- **How to complete this task**
Given the records below, the lines starting at the line with "Georges Bay Luxury" and ending at the line with "sqad Tuńka zdjęcie robi" should be output exactly, both end lines kept and pictures left out.

- **Data to examine**
★ ★ ★ ★ ★
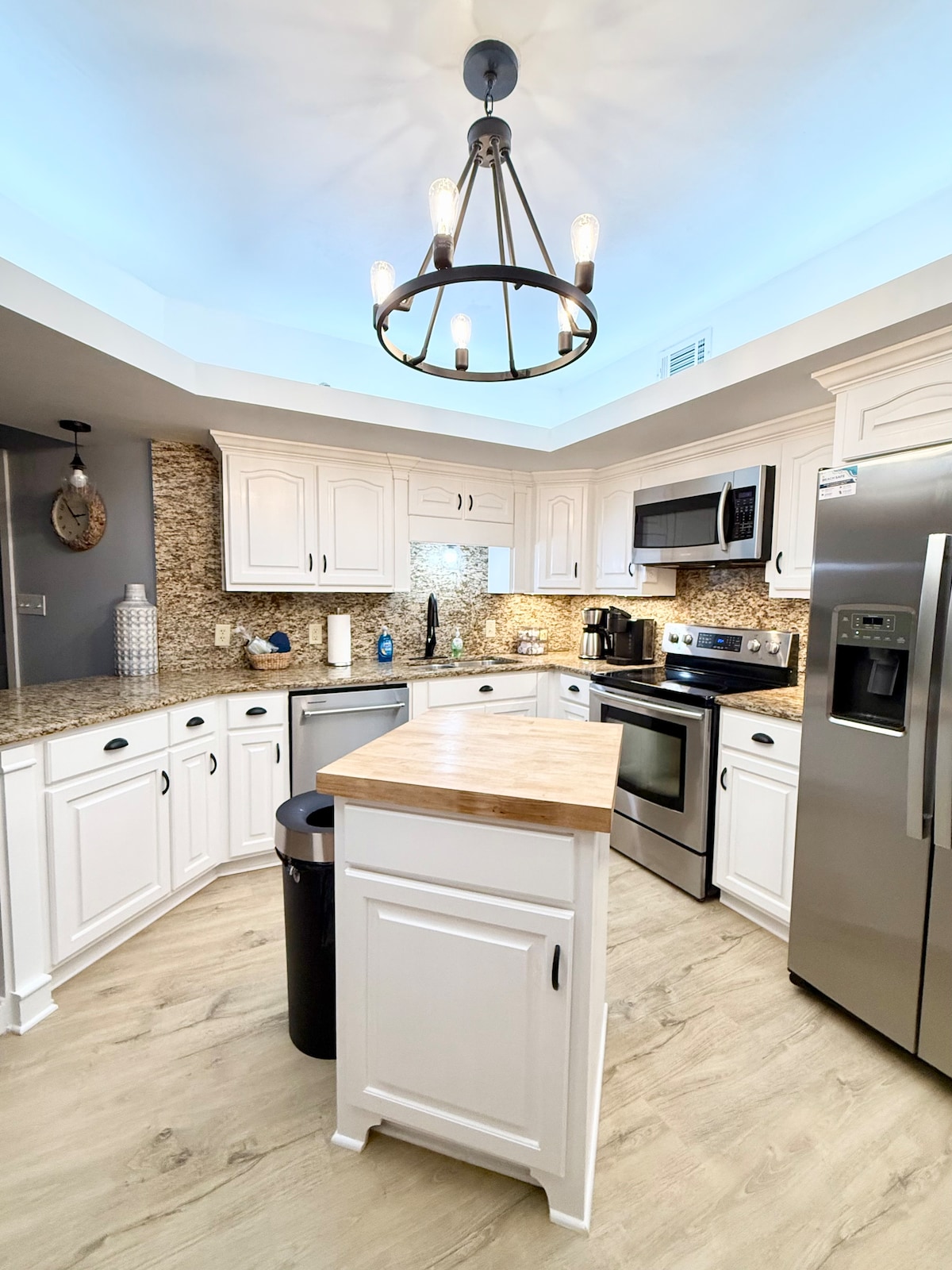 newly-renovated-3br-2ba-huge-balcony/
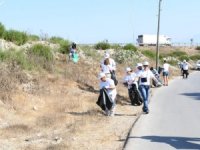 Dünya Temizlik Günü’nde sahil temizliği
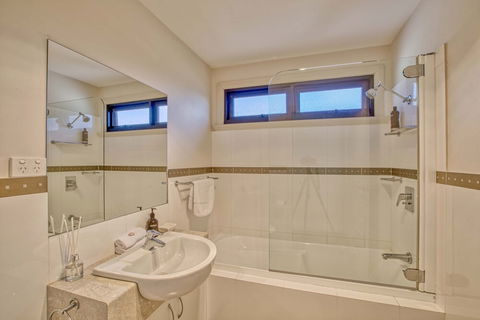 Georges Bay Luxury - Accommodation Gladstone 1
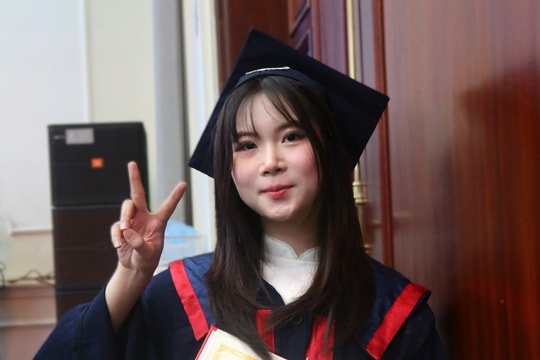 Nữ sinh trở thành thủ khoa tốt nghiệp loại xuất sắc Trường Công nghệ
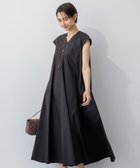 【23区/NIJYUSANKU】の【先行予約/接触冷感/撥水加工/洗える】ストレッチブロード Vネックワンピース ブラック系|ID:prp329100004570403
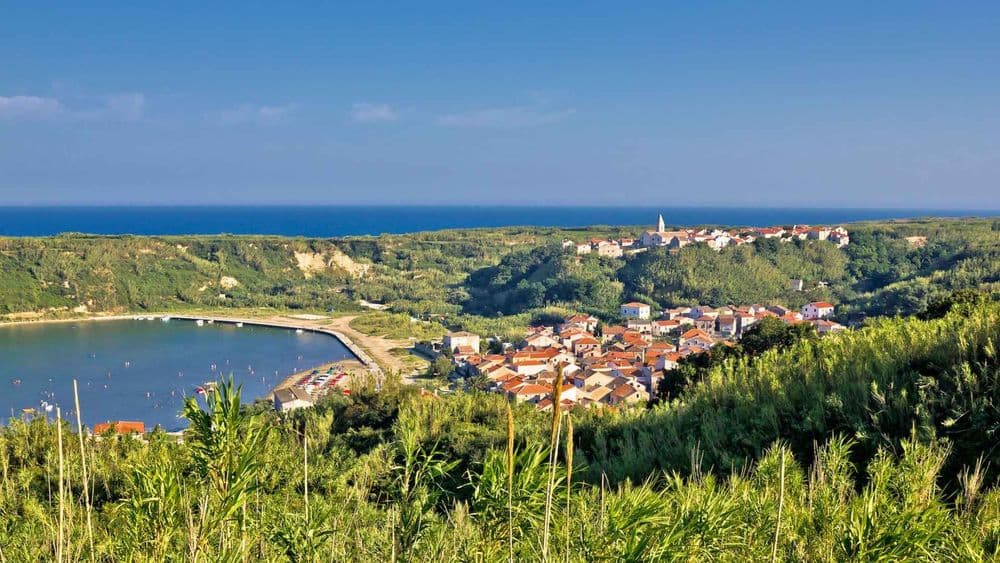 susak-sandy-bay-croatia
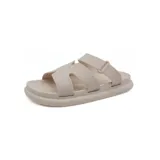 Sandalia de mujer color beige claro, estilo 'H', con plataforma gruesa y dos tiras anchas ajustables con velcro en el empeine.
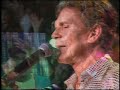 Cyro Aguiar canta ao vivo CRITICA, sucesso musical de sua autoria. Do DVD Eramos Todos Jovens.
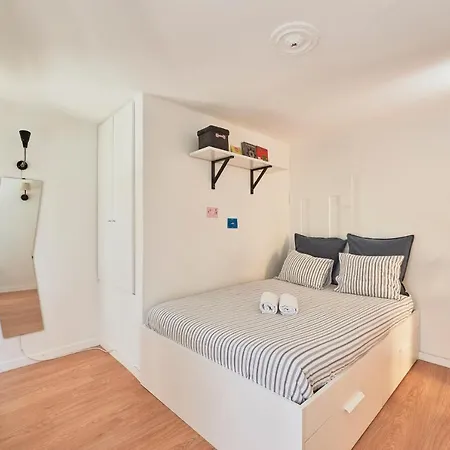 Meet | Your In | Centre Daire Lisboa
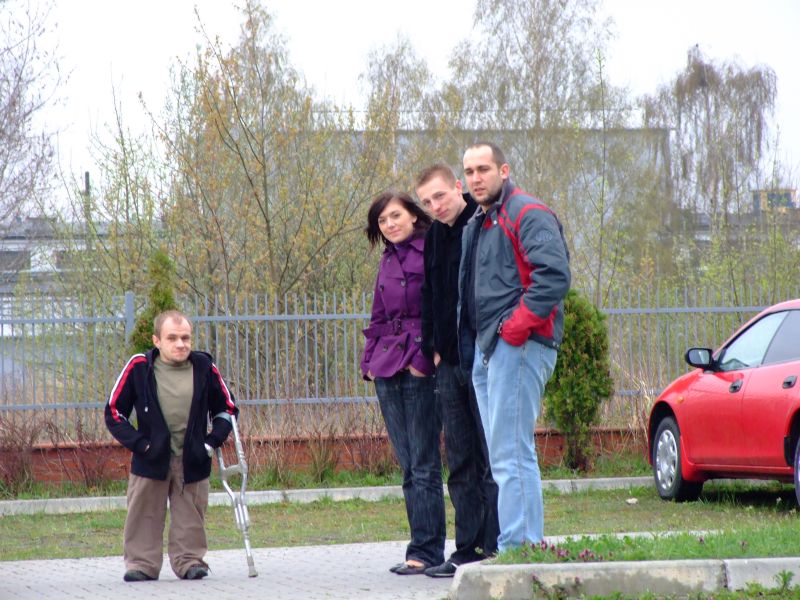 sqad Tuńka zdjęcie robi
★ ★ ★ ★ ★
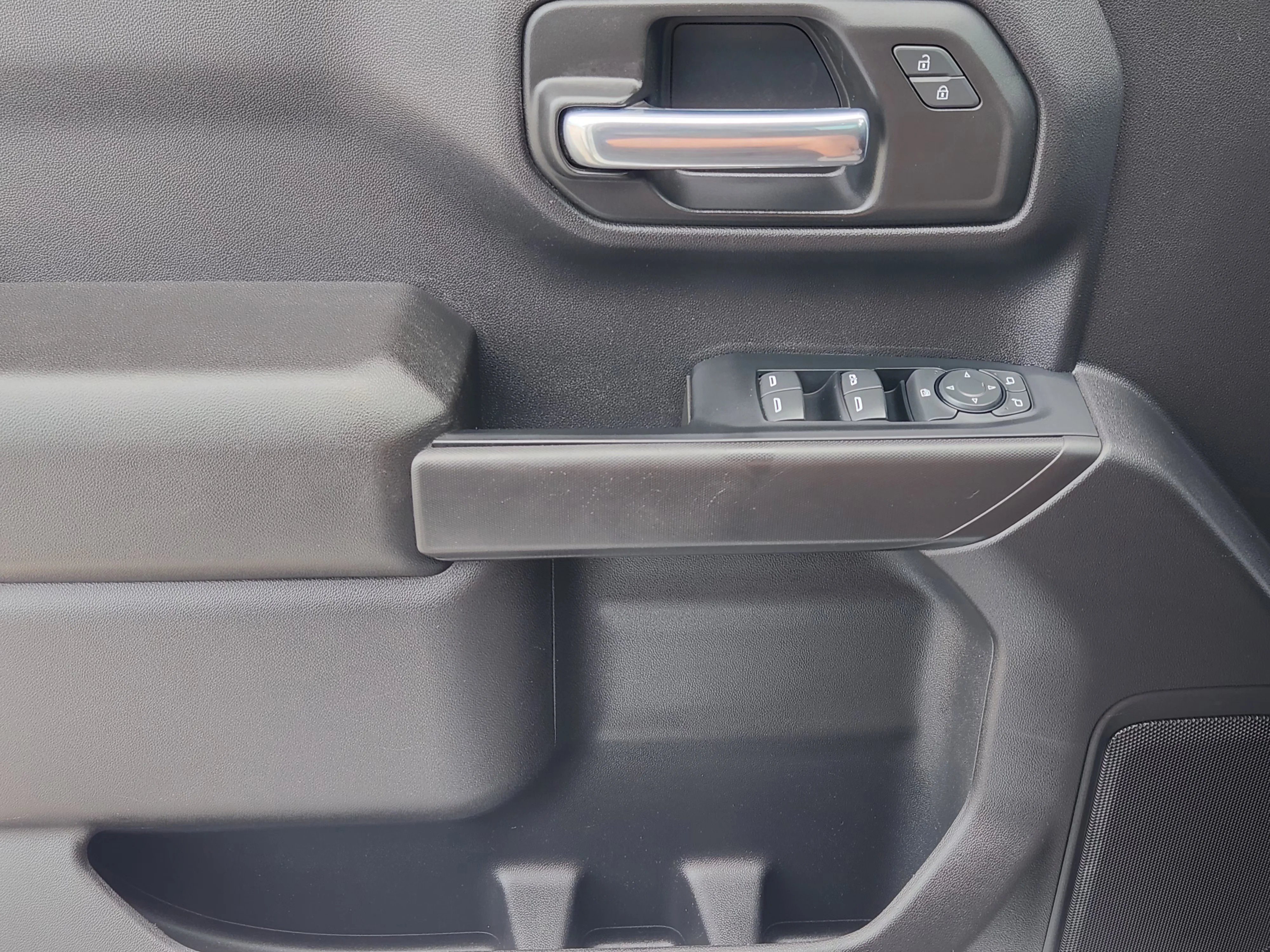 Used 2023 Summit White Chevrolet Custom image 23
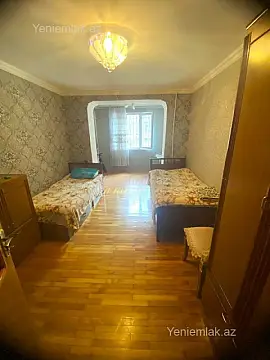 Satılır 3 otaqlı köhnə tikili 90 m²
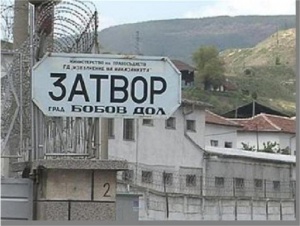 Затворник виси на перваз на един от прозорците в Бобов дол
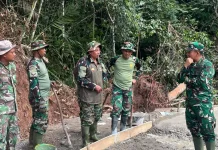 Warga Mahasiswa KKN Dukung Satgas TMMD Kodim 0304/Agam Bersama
★ ★ ★ ★ ★
- **Response box**
 Georges Bay Luxury - Accommodation Gladstone 1
 Nữ sinh trở thành thủ khoa tốt nghiệp loại xuất sắc Trường Công nghệ
 【23区/NIJYUSANKU】の【先行予約/接触冷感/撥水加工/洗える】ストレッチブロード Vネックワンピース ブラック系|ID:prp329100004570403
 susak-sandy-bay-croatia
 Sandalia de mujer color beige claro, estilo 'H', con plataforma gruesa y dos tiras anchas ajustables con velcro en el empeine.
 Cyro Aguiar canta ao vivo CRITICA, sucesso musical de sua autoria. Do DVD Eramos Todos Jovens.
 Meet | Your In | Centre Daire Lisboa
 sqad Tuńka zdjęcie robi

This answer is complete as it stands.